The Main Event: EastEnders' 25th Birthday

IT'S funny how EastEnders can insinuate itself. Not funny ha-ha, because the show has rarely been that, and in last Sunday's omnibus only one line made me laugh: "You balloon-faced little twerp." No, I mean funny-strange, as in: "How come, when I haven't been a regular viewer since the market stopped flogging stonewashed denims and, yes, I know there could still be a binbag's worth under each stall... how come I'm Sky+-ing to make sure I don't miss Bianca'

One minute, I'm congratulating myself on this panoply of pasty-faced whingeing having had no impact on my life over the past 25 years, the next I'm remembering the stuck-in-a-sweetshop thrill of visiting the Elstree set, trying, and failing, to chat up Mandy Salter at T in the Park – and then there are all the Albert Square legends I've interviewed: Wideboy Wicksy, Sinful Cindy, Grunting Grant and Mel Owen/Beale/Healy among the many. How could I forget them? Was I kidding myself that I've always moved in more sophisticated circles?
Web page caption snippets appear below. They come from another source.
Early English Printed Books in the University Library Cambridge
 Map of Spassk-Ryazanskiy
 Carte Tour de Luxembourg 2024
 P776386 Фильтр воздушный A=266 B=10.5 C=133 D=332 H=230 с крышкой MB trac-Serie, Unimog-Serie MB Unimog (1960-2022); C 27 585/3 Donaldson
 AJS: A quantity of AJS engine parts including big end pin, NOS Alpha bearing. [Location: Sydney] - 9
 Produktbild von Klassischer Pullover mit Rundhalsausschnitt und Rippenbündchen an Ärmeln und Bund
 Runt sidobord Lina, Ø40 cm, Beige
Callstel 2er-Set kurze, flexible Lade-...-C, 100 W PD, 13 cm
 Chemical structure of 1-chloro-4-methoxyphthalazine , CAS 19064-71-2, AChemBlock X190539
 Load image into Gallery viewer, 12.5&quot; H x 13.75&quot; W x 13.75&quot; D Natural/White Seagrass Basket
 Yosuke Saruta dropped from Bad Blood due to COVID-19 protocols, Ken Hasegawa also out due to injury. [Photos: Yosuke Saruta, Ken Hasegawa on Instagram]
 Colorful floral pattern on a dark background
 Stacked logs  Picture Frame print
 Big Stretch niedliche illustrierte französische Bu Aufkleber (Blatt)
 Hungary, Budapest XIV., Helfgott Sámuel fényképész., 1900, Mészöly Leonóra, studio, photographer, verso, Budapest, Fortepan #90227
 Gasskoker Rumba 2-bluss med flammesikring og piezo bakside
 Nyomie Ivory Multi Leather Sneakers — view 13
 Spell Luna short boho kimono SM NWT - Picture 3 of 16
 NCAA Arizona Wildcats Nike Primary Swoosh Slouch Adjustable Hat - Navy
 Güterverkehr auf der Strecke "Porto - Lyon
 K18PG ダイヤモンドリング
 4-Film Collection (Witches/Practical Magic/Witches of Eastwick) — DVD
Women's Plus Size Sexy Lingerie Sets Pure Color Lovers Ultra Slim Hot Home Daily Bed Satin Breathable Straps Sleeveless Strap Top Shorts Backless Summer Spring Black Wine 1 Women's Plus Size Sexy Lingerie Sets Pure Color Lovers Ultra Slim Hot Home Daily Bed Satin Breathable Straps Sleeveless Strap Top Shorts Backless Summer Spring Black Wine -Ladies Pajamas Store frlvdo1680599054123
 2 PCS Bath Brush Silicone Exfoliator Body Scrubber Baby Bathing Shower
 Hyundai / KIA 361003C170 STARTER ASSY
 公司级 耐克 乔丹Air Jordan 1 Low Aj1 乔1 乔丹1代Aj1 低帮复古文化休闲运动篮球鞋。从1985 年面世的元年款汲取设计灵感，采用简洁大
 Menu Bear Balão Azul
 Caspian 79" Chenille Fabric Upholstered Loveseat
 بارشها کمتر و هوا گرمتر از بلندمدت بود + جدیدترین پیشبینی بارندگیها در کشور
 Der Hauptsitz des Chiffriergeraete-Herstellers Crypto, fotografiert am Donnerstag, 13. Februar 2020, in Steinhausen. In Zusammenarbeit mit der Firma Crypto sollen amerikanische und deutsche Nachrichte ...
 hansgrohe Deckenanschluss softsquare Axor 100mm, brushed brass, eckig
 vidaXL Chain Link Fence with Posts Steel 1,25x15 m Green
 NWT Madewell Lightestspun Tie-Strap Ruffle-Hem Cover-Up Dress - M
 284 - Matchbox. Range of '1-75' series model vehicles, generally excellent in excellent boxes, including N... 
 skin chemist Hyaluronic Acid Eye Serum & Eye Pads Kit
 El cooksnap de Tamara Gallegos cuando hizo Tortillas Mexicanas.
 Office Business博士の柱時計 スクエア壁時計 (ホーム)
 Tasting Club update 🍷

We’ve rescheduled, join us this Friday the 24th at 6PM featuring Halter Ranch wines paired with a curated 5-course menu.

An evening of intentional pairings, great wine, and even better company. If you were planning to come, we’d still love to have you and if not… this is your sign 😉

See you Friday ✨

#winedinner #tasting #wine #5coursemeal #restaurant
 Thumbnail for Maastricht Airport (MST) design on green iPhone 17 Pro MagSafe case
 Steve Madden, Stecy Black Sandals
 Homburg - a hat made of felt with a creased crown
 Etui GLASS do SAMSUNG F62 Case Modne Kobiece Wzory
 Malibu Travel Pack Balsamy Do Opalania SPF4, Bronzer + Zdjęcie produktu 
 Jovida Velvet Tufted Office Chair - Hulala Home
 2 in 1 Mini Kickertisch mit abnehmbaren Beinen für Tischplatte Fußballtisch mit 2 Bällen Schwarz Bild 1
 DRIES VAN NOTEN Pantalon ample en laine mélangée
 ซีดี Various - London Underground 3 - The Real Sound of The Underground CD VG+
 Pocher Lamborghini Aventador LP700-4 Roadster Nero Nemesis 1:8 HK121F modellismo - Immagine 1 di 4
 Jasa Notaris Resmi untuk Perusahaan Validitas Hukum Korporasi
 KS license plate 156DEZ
Maybe they slipped from my mind because soap actors are the biggest stars in the telly firmament in terms of the numbers who watch but, when you meet them, the least starry. They speak little of the craft of acting, deferring to their characters as if they were real people. Tabloids perpetuate sudsy myths and when I worked for one of the small, funny papers in a previous existence, the question "So are you anything like the bitch/slapper/drunk/murderess we see on screen?" was a must-ask.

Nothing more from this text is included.